Шляпу можешь не снимать. Эссе о костюме и культуре - страница 21



«Вдруг сейчас поняла, что почти от всех предметов одежды было впечатление – „не мое“», – написала одна из участниц опроса, чем и дала исчерпывающее обобщение рассказам очень многих респондентов о том, что они воспринимали собственный костюм как чуждый: донашиваемый за другими, купленный не по выбору, а по случаю, сшитый из чего попало – то есть по-настоящему чужой, в прямом и переносном смысле слова.

Ситуация, в которой создание индивидуального костюма становилось крайне трудоемкой и неординарной задачей, вызывала обычно одну из двух реакций: смирение, исключение собственного костюма из сферы намеренных коммуникаций, сознательное или бессознательное принятие решения о «незначимости» одежды («В моем окружении (научные сотрудники и школьные учителя) никто хорошо не одевался, не придавали этому особого значения (или делали вид) – благородная бедность!») – или, напротив, всплеск творческой агрессии, поиск способа заговорить «своим голосом» наперекор навязываемому обстоятельствами невольному «мычанию».

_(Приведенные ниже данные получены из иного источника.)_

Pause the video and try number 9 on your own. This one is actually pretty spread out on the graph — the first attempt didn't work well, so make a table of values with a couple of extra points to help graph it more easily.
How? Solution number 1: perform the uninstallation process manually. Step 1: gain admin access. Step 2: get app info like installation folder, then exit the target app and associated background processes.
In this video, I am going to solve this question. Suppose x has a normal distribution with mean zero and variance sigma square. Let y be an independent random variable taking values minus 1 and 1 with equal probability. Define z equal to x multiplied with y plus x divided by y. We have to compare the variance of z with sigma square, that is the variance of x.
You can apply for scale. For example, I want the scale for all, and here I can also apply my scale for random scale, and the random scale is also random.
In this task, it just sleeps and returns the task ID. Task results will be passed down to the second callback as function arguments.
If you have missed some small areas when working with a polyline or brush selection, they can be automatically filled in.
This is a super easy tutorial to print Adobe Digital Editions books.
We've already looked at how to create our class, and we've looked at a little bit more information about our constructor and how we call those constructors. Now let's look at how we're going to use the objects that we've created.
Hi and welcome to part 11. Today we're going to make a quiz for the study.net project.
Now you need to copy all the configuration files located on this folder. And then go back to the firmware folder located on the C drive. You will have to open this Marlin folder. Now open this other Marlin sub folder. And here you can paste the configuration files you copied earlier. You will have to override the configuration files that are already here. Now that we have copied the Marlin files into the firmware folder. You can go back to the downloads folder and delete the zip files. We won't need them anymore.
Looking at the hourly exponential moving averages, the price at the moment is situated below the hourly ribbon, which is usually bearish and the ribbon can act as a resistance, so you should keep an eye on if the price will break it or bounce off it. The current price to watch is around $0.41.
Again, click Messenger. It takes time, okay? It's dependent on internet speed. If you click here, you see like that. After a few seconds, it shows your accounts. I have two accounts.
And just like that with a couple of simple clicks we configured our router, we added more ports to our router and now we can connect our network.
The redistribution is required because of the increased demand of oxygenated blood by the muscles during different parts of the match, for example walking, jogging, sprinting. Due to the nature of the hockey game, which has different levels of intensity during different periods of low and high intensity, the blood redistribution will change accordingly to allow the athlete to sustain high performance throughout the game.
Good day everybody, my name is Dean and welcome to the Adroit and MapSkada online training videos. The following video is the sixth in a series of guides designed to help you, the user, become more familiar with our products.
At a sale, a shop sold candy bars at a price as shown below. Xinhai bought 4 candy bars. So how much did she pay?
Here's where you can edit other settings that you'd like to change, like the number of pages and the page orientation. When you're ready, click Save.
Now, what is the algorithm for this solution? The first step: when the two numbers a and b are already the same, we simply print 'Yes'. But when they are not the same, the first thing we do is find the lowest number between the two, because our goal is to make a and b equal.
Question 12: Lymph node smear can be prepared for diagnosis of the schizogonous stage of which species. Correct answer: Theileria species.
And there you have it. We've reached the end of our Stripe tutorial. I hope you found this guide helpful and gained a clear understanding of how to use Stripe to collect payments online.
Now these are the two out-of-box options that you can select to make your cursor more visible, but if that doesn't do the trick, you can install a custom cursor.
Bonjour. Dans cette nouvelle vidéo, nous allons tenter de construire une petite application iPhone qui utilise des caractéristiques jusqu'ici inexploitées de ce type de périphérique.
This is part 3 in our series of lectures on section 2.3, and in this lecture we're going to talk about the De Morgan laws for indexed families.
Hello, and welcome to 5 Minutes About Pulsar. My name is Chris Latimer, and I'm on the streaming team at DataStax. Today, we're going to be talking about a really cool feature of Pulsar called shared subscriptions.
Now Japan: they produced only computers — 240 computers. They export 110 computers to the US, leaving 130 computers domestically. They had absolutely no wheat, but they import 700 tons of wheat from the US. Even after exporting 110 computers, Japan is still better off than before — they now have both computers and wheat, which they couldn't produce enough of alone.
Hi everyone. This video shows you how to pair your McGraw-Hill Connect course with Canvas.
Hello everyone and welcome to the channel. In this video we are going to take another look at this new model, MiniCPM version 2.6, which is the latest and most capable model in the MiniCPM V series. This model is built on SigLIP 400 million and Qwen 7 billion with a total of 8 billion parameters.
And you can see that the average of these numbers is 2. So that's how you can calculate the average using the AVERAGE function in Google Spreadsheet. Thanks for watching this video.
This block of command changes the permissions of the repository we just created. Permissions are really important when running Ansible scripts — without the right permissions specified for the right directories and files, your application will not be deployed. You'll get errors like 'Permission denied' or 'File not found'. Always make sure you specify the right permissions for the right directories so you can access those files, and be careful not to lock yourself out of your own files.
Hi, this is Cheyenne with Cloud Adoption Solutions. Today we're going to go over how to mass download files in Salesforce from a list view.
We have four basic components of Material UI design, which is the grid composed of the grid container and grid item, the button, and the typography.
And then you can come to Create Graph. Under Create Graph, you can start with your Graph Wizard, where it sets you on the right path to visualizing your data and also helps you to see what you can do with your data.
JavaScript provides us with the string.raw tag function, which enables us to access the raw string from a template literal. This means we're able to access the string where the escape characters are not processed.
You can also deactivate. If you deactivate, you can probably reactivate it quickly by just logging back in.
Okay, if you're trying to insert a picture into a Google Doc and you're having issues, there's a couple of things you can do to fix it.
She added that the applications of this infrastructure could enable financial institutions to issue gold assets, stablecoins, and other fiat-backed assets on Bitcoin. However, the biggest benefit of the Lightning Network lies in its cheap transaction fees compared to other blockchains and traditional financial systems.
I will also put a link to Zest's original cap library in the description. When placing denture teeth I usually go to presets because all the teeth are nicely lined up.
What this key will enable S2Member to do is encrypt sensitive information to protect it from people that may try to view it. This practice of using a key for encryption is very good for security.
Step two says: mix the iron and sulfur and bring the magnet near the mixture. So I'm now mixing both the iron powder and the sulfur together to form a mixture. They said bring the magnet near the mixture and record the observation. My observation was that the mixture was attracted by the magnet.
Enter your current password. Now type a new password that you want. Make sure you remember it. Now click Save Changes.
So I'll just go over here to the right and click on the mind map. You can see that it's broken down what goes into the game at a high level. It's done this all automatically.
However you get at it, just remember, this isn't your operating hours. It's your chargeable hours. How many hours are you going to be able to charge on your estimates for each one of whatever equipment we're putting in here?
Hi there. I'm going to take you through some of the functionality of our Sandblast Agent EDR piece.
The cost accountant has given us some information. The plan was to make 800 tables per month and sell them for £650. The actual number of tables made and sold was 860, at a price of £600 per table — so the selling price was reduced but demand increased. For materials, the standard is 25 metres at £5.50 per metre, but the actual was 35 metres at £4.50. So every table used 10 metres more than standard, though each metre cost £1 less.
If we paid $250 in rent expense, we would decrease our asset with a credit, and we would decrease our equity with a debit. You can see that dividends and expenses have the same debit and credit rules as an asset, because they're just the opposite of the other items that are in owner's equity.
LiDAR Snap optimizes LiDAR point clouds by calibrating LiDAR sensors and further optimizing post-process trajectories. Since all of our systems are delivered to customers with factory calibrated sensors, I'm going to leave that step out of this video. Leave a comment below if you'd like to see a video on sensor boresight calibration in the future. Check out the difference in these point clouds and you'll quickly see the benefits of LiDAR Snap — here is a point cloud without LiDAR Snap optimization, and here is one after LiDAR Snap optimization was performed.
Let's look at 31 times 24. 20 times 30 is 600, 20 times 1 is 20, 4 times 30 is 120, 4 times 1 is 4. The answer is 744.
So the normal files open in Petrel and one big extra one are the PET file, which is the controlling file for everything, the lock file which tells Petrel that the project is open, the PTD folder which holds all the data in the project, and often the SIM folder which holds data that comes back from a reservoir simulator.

На тех, кто принимал решение идти вторым путем, работало то, что в момент распада единого языка едва ли не любое высказывание естественным образом оказывается по-своему альтернативным, выделяющимся на фоне остальных именно из‑за отсутствия общего «большого стиля», основы для сопоставления (чем и отличалось «новое разнообразие»). Таким образом, одним из общепонятных слов в языке костюма 1990 года, наряду с некоторыми приводившимися выше, оказалось слово «другой», «иной», «оригинальный» (в широком смысле); как писала одна из интервьюируемых в ответ на вопрос: «Важно ли было, как вы одеты?» – «Очень важно и переживательно. Подружки одевались лучше (дороже). Зато я – более оригинально». Зачастую слово «другой» использовалось по интересной схеме: в свете невозможности сделать при помощи костюма утвердительное индивидуальное высказывание костюм часто использовался для построения того же утверждения методом «от противного». То есть для того, чтобы сказать: «я – не все остальные». Речь зачастую шла не о сознательной альтернативности, а о том, чтобы компенсировать именно невозможность одеваться так, как хочется, в соответствии с самоощущением, компенсировать чувство собственной «неуспешности» в новом мире, уже описанное выше. «Чтобы окружающие меня за немодность не дразнили, я придумала гениальную отмазку: мне не нравится быть как все. Более того, я в нее искренне поверила». Иногда такая заявка о собственной индивидуальности делалась путем присвоения идентичности группы, в которой код одежды был более комфортным и легко усваиваемым: «…помнится, очень хотелось быть особенно одетой, но средств не было, поэтому стиль назывался – типа „хиппи“».

Для выражения «инакости» человека его костюм мог быть намеренно утрированным и театрализированным, причем практика эта распространялась отнюдь не только на богему, представителей творческой молодежи или субкультур, как это бывает в рамках устоявшегося модного пространства: театрализация костюма была необходима в качестве компенсации за невозможность одеться по желанию при помощи менее экспрессивных методов: «Ходил в поношенном папином пиджаке, но в петлице носил пластмассовую алую гвоздику»; «…наша компания пыталась создать некоторый „намек на историчность“, лично я вышил сам методом „ришелье“ три или четыре кружевных ворота… <…> …ручная вышивка, колет, прочие прелести. Играли, как могли». Иногда показная театральность принимала буквальный характер: «Иногда брала в театральной студии костюмы (под платья конца XIX в.) и ходила в них»; «Игралась в Машу из „Чайки“: „Отчего вы все время ходите в черном? – Это траур по моей жизни, я несчастна“». Определить, была ли интенция носить «все черное» эстетической или прагматической, трудно – как уже указывалось, перекрашивание вещей в черный цвет было одним из самых простых и распространенных методов создания костюма, сколько-нибудь пригодного для носки. Когда один из интервьюируемых пишет: «…вот одноклассник мой как-то в школу в ватнике ходил в порядке эпатажа», то, вспомнив многократно цитировавшиеся здесь жалобы на невозможность достать теплую одежду, начинаешь предполагать, что эпатажность одноклассника была в лучшем случае лишь одной из причин ношения ватника.